Data anonymization is the process of stripping all personally identifiable information from the dataset while retaining only the relevant part without compromising the users’ privacy. One of its most important applications is in healthcare.
Hospitals often remove patients’ names, addresses, and other vital information from the health records before incorporating them into large datasets.
Loopholes In Data Anonymization
In a few countries, data anonymization is mandated by law. For example, the US has exempted anonymized data from the privacy and security requirements. In 2016, the Australian government amended its privacy act to prevent re-identification of anonymized data obtained from Commonwealth entities.
In theory, data anonymization sounds like a great idea. However, it’s not completely fool-proof. More often than not, anonymization can’t stand up to deanonymization attacks. In such cases, the anonymized data is linked back to auxiliary information to identify the data subjects.
Recently, a team from the University Erlangen-Nurnberg in Erlangen, Germany, built a deep learning-based re-identification model to understand to what extent an X-ray classification system can compromise patient data. The model can tell if the given set of X-ray images are from the same person with an accuracy rate of 95.55 percent.
“We conclude that publicly available medical chest X-ray data is not entirely anonymous. Using a deep learning-based re-identification network enables an attacker to compare a given radiograph with public datasets and to associate accessible metadata with the image of interest. Thus, sensitive patient data is exposed to a high risk of falling into the unauthorised hands of an attacker who may disseminate the gained information against the will of the concerned patient,” the authors observed.

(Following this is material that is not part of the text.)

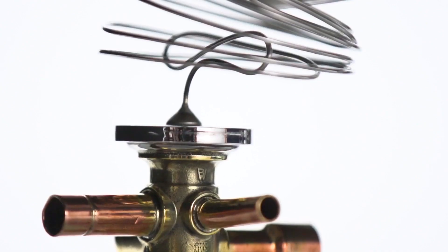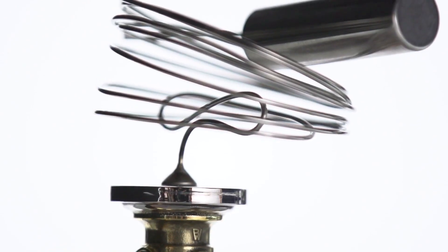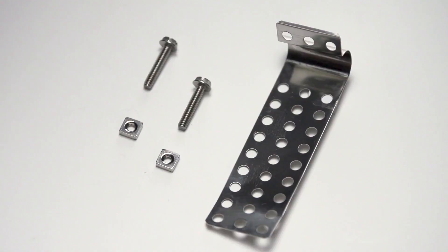These kits are available in multiple capacities for both R22 and R410A systems. The R410A kits provide an expansion valve with best-in-class performance and a stainless steel power assembly for durability during installation. The kit also includes Chatliff and Aeroquip adapters, an external equalizer, and a bulb strap.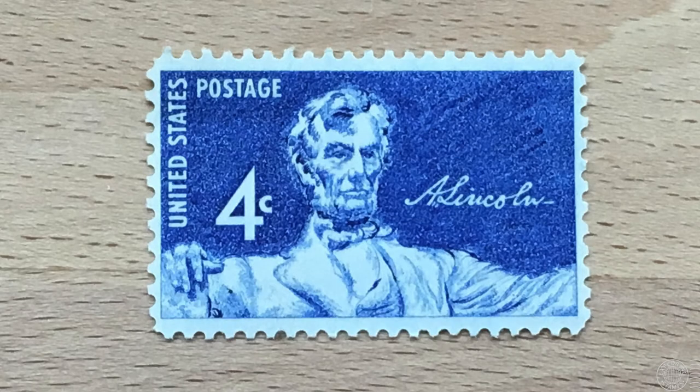Quick correction — that's not a picture of Abraham Lincoln. It's actually an illustration of a statue of Abraham Lincoln. It's the Lincoln Memorial, located in Washington, D.C.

In 2019, a team from the Imperial College of London showed data could often be reverse-engineered using machine learning. The research proved – for the first time– de-anonymization could be done with incomplete datasets. As many as 99.98 percent of the sample were correctly re-identified from the considered datasets by using just 15 characteristics such as age, gender, and marital status. Lead author Luc Rocher had then said, “While there might be a lot of people who are in their thirties, male, and living in New York City, far fewer of them were also born on 5 January, are driving a red sports car, and live with two kids (both girls) and one dog.”
In a 2017 study titled ‘Health Data in an Open World’, the researchers successfully re-identified patients from an Australian open health dataset.
Possible Alternatives To Data Anonymization
Differential Privacy: It is a technique by which information about a dataset is publicly shared by describing groups’ patterns within the dataset while concealing the personally identifiable information. In this technique, individual data points average out across the dataset and prevent de-anonymization by giving technically incorrect information for each individual. It is already being used by companies such as Apple and Uber.
Federated learning: Google introduced the technique in 2017. Federated learning enables researchers to train statistical models based on decentralised servers with a local data set. Meaning, there is no need to upload private data to the cloud or exchange it with other teams. Federated learning is better than traditional machine learning techniques as it mitigates data security and privacy risks.
Homomorphic encryption: In this technique, calculations are performed on encrypted data without first decrypting it. Since Homomorphic encryption makes it possible to manipulate encrypted data without revealing the actual data, it has enormous potential in healthcare and financial services where the person’s privacy is most important.